Entertainment

LOVE IS BITTERSWEAT

SUGGESTION: When making a film called “Run Fat Boy Run,” how about hiring a fat boy? Watching a scrawny guy run doesn’t provide a lot more comedic surprise than “Run Kenyan Guy Run” would have.

Simon Pegg, co-writer and star of the hilarious mockbusters “Shaun of the Dead” and “Hot Fuzz,” features in somebody else’s script (though he did do a rewrite) about a London bloke who, on his wedding day, comes down with a case of the panics and literally sprints away from his pregnant bride – played by Thandie Newton. To win her back from her rich new beau (Hank Azaria) five years later, he decides to complete a marathon, showing he can dedicate himself to something or other.

Writing “Simon Pegg” and “Thandie Newton” in the same sentence nearly made my keyboard explode. She’s an interplanetary beauty sent to us by a superior life form. He’s a ginger-haired mutt. What exactly is she attracted to? His job as a security guard at an underwear boutique? I can’t classify the two in the same species, much less the same apartment.

Pegg’s Dennis does come across as a sweet guy, though, and Azaria is strong as the oblivious overdog in, for instance, a scene in which his financier invites Dennis to a gym for a workout, then casually strips naked and powders up his man-parts as Dennis gasps, either because he’s out of breath or just plain amazed.

Thanks to a jaunty Brit-rock score and likable characters all around, the movie’s easy to watch and occasionally pumps up the emotions, especially in the scenes in which Dennis plays with his now 5-year-old son. You root for Dennis without quite hating Azaria’s Whit, who doesn’t even see Dennis as competition. Says Whit: “You’re not a tough act to follow.”

First-time director David Schwimmer keeps things simple (possibly too simple), finds comedy in the characters and saves some of his best stuff for the third act, such as a scene in which the runner “hits the wall.” Even Dennis’ nutty mission to prove his worth by doing something hundreds of thousands of others have done almost makes sense by the end.

Everything is lightly amusing (Dennis’ Indian landlord fondly tells him a romantic tale about his own tragic lost love: “I remember all the humping”), but nothing is terribly funny. (One brilliant touch: When Dennis is running, someone hands him a pint of beer instead of water.)

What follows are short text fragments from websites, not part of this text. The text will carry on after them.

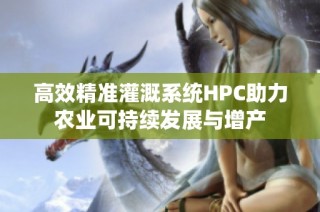 高效精准灌溉系统HPC助力农业可持续发展与增产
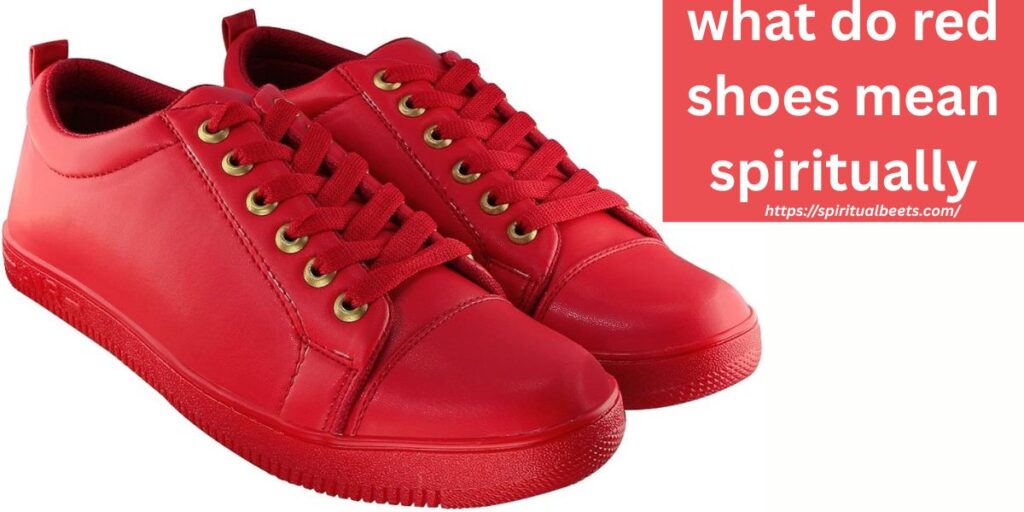 what do red shoes mean spiritually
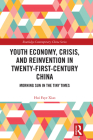 Youth Economy, Crisis, and Reinvention in Twenty-First-Century China: Morning Sun in the Tiny Times (Routledge Contemporary China) By Hui Faye Xiao Cover Image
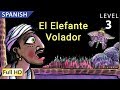 El Elefante Volador - Aprende español con subtítulos - Historia para niños y adultos "BookBox.com"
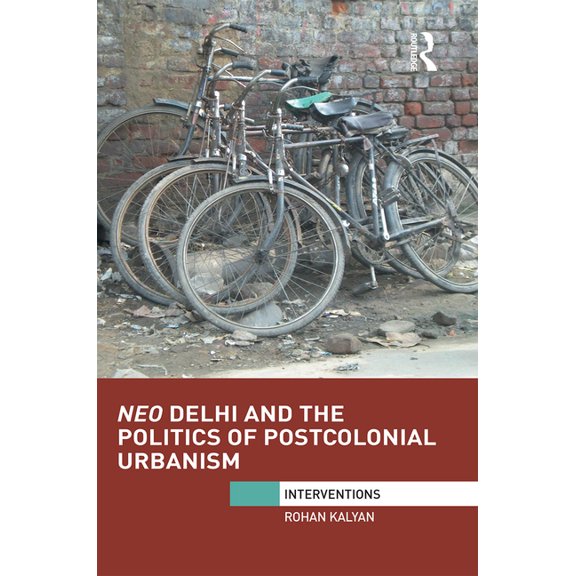 Interventions Neo Delhi and the Politics of Postcolonial Urbanism, (Paperback)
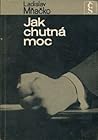 Jak chutná moc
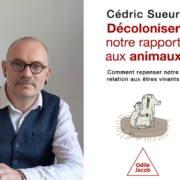 Cédric Sueur, “Decolonizzare il nostro rapporto verso gli animali”: una rivoluzione dello sguardo
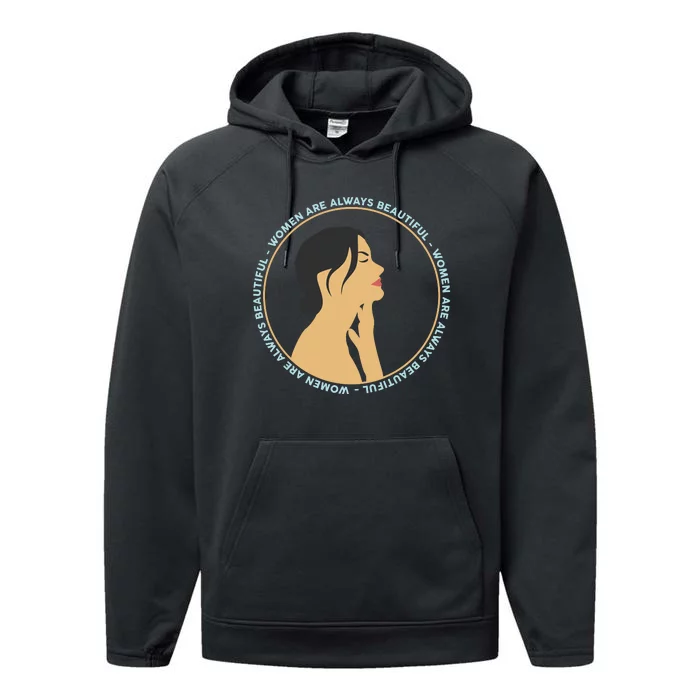 Women Are Always Beautiful Performance Fleece Hoodie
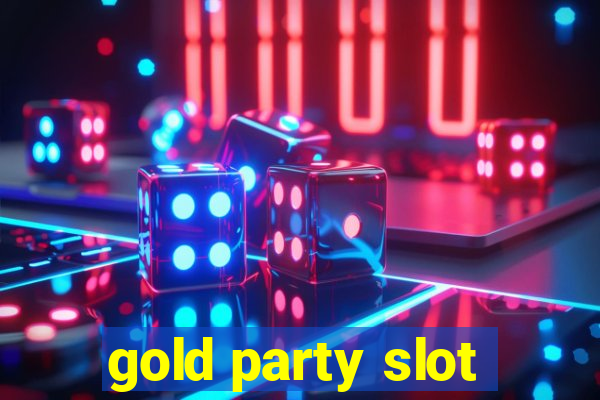 gold party slot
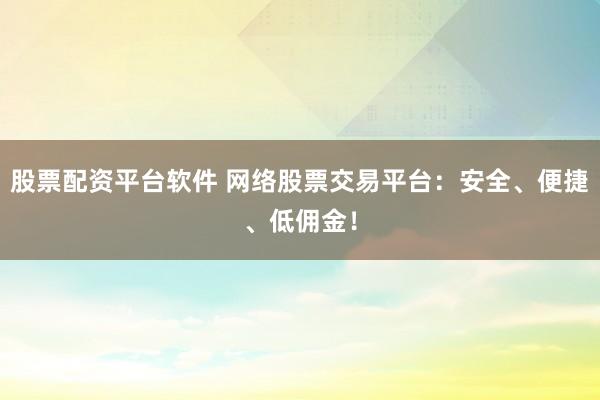股票配资平台软件 网络股票交易平台：安全、便捷、低佣金！
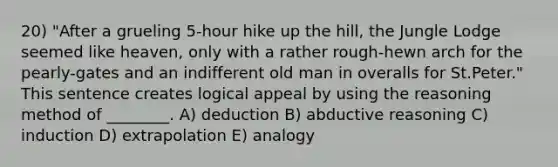 20) "After a grueling 5-hour hike up the hill, the Jungle Lodge seemed like heaven, only with a rather rough-hewn arch for the pearly-gates and an indifferent old man in overalls for St.Peter." This sentence creates logical appeal by using the reasoning method of ________. A) deduction B) abductive reasoning C) induction D) extrapolation E) analogy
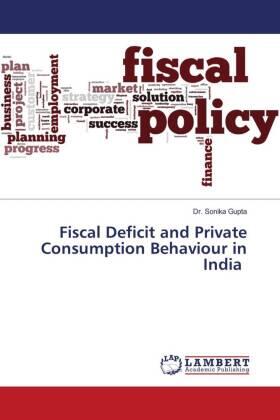 Gupta |  Fiscal Deficit and Private Consumption Behaviour in India | Buch |  Sack Fachmedien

Schwimmer also basically forgets to put the meat in the story sandwich when, instead of painstakingly presenting just how an out-of-shape guy could possibly get into marathon form in three weeks (then match the fitness-obsessed Azaria character stride for stride), he merely rushes through a Comedy Training Montage much like the three others I’ve already seen this month.